If you are one of the proud mutual fund investors, I am about to ruin your day because that mutual fund is robbing your retirement.

And like those gremlins, these mutual funds spawn their ugly, and equally destructive offspring to rob your retirement with different faces.

I never invested in a mutual fund, and I felt good about the decision when I read what John Bogle had to say about the industry.

“When I joined this business, it was a profession with elements of a business. Today the mutual fund industry is a business with elements of a profession, and too few elements at that.” — John Bogle, Founder of Vanguard funds

Most major conglomerates that are running these giant mutual funds are running a business. They are not acting as a trustee whose fiduciary duty is to look after the benefits of fund investors. Like any other business, Mutual fund  industry also has fiduciary duty for their shareholders. As Mr. Bogle points out, now you’re faced with this no-man-can-serve-two-masters dilemma.
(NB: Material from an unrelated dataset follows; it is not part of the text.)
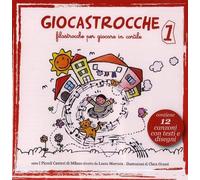 Coro I Piccoli Cantori Di Milano - Giocastrocche Cd1 - Cd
It is not serving consumers for the very simple reason, I call it “the relentless rules of humble arithmetic” after Justice [Louis] Brandeis. And that is, we still think 2 and 2 makes 4, or 2 minus 2 equals zero. But when we talk about the market, we’re talking about the market return, and that return is allocated between investors and managers. — John Bogle

My pal Jim Collins has written an entire article on this very subject. So, I recommend that you read his precise commentary on how these mutual funds are robbing your retirement. Average fee of 2% can deprive your stash to grow at substantially lower rate if we assume that the market returns 7% annually in the long run.

If you are a 25-year-old, you need to invest only $3, 134 in a Vanguard Index fund annually to become a millionaire at age 65 if your stash grows at a compound rate of 7% annually. Now, if you have a friend who has similar goal but decides to invest in a mutual fund, your friend will have to invest whopping $6,822 annually to hit the same goal. That’s more than twice as much as you invest in the long run.

If nothing else, this single revelation ought to make your cringe.

What happens in the fund business is the magic of compound returns is overwhelmed by the tyranny of compounding cost. It’s a mathematical fact. There’s no getting around it. The fact that we don’t look at it, too bad for us. — John Bogle

This is why I never buy any financial product that has investment tied to it as a low hanging fruit. For one, consider slew of commercials manipulating your mind to think that to secure financial well-being of your family you need to buy a whole life insurance policy. Who is paying for those commercials? Of course, you do Mr. consumer.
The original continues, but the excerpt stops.